Pepsi Rilis Produk Rendah Gula untuk Perangi Obesitas & Kerusakan Lingkungan

Pepsi (Reuters - Jim Young)
18 Oktober 2016 01:20 WIB Mediani Dyah Natalia News Share :

Pepsi mengeluarkan produk baru yang lebih memperhatikan aspek kesehatan.

Harianjogja.com, AMERIKA -- PepsiCo Inc berebcana menurunkan kadar gula dalam produknya. Kebijakan ini diputuskan untuk mengatasi masalah obesitas dan perubahan iklim.

Reuters pada Senin (17/10/2016) melaporan perusahaan yang berbasis di New York itu mengumumkan pada tahun 2025, setidaknya dua pertiga produk Pepsi hanya akan memiliki 100 kalori atau 28,34 gram gula lebih rendah. Saat ini penggunaan gula mencapai 40%.

Tujuan akhir perubahan ini adalah penggunaan gula mencapai nol persen dan rendah kalori sehingga menghasilkan formula minuman baru. Langkah ini ditempuh lantaran mendapat tekanan dari ahli eksehatan dan pemerintah. Mereka menyalahkan perusahaan karena produknya mendongkrak angka pasien obesitas dan diabetes.

PepsiCo menyatakan target baru dunia saat ini lebih ambisius daripada tujuan sebelumnya, yakni mengurangi penggunaan gula hingga 25% di pasaran pada tahun 2020.

"Ilmu pengetahuan memiliki pengaruh," terang Kepala Peneliti dan Pengembangan PepsiCo, Mehmaad Khan kepada Reuters.

Dia menyatakan rasa baru ini benar-benar mengurangi rasa manis. "Bukan hanya masalah manis, tetapi juga pemahaman mengenai penggunaan bahan minuman dan pengetahuan," terangnya.

World Healty Organization (WHO) bulan ini merekomendasikan penambahan pajak untuk minuman yang mengandung gula, kebijakan ini telah direalisasikan di Perancis dan Meksiko untuk memperbaiki konsumsi dan meningkatkan kesehatan masyarakat. Adapun industri minuman menolak aturan ini.

Untuk golongan minuman bersoda, pangsa pasar PepsiCo mencapai 12% dengan pendapatan tahunan US$63 miliar. Merek alin, seperti Mountain Dew mencapai 25%, sisanya merupakan minuman dan jus dari Tropicana.

Tahun 2025, target yang ingin dicapai akan lebih besar, yakni menurunkan penggunaan sodium dan lemak jenuh.Pertumbuhan Ekonomi
"Kebijakan ini adalah langkah yang baik. Tapi untuk mengatasi krisis obesitas, saya rasa ada banyak lagi yang dapat kita lakukan," terang Mindy Lubber, Presiden organisasi nirlaba, Ceres. Organisasi ini yang menekan perusahaan dan pemodal mengambil aksi untuk menjaga kelestarian lingkungan.
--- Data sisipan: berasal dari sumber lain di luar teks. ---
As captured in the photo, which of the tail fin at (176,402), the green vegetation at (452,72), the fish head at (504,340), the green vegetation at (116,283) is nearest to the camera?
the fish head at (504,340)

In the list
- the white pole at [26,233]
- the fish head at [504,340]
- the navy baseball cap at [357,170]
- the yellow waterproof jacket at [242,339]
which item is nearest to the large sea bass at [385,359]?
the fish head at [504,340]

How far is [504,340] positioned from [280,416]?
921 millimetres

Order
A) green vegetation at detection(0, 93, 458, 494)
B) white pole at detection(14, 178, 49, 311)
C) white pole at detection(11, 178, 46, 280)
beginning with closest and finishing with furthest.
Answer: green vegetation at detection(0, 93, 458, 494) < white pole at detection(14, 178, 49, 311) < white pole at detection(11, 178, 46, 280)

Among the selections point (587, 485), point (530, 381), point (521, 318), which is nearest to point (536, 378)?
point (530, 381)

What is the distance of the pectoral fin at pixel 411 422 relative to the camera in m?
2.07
"Jika perusahaan makanan dan minuman tidak memperhatikan kandungan nutrisi dalam produk, sama saja mereka tidak memperhatikan perubahan dunia," paparnya.
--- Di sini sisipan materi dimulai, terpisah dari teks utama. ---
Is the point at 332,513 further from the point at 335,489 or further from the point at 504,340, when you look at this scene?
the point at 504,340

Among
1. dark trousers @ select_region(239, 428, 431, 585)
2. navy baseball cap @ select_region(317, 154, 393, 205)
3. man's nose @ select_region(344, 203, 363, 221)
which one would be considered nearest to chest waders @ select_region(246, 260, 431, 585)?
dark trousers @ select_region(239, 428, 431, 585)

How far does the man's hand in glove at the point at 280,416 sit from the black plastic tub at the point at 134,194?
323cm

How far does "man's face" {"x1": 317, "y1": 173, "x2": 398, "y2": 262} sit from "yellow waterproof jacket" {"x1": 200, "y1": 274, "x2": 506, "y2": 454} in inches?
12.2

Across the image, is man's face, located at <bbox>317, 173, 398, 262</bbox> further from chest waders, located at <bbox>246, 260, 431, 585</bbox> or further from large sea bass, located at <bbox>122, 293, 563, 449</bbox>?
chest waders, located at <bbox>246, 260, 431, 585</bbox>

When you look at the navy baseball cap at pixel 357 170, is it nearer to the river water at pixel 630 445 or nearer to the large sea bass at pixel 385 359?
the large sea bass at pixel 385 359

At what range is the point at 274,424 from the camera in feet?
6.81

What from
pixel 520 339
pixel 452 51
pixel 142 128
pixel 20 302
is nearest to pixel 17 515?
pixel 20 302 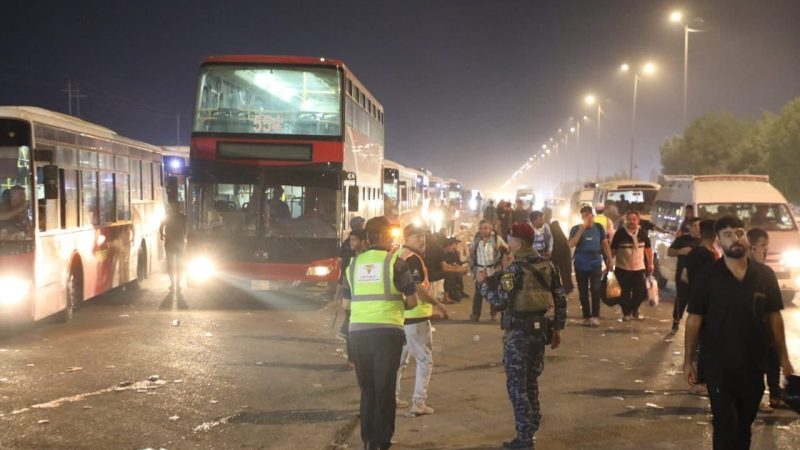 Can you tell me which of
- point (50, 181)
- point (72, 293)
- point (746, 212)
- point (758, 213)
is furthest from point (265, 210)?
point (758, 213)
Coke menyatakan pada 2020 akan mengeluarkan produk rendah kalori dan tak berkalori  untuk setiap pasar. Kebijakan ni ditempuh untuk menjaga kelestarian lingkungan.
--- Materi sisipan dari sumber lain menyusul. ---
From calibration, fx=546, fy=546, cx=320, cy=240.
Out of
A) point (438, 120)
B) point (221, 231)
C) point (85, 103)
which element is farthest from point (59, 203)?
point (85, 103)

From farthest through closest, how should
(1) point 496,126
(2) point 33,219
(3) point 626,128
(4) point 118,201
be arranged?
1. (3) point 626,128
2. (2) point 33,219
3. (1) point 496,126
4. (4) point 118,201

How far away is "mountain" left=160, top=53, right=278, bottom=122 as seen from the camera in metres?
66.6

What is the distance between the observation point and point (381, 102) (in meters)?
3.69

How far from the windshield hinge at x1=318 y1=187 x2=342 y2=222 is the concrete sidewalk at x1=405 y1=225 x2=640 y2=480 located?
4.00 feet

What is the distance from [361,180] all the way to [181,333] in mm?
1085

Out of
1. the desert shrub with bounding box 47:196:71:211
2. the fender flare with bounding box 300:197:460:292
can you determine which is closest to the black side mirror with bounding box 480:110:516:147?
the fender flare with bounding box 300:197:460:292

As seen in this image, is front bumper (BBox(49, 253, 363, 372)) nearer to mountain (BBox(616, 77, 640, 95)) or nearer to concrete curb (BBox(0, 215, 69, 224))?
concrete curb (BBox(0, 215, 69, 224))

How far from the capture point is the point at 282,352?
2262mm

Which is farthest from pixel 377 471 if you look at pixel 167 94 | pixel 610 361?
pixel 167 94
Sekitar 10 tahun lalu, Pepsi menargerkan untuk memperhatikan nutrisi, lingkungan dan perkembangan sosial. Khan mengatakan dibalik kebijakan ini ada peningkatan keuangan.

Menurut dia, perusahaan dapat menghemat US$600 juta selama lima tahun dari penghematan air, kemasan, energi dan limbah. Dia menambahkan, selama 10 tahun terakhir, rata-rata nilai pengembalian modal juga lebih baik daripada sebelumnya.

Khan mengharapkan hal yang sama terjadi di masa depan. Sehingga hal ini dapat menjadi kabar baik bagi investor, yang biasanya memikirkan aspek lingkungan saat membuat keputusan.

"Mungkin bukan faktor utama, tetapi dapat menjadi pertimbangan," terang analis Morningstar, Philip Gorham.

Target efisiensi air yang dilakukan PepsiCo sebanyak 15% berpengaruh langsung untuk kebutuhan pertanian pada tahun 2025. Gas emisi juga dapat diturunkan hingga 20% pada 2030.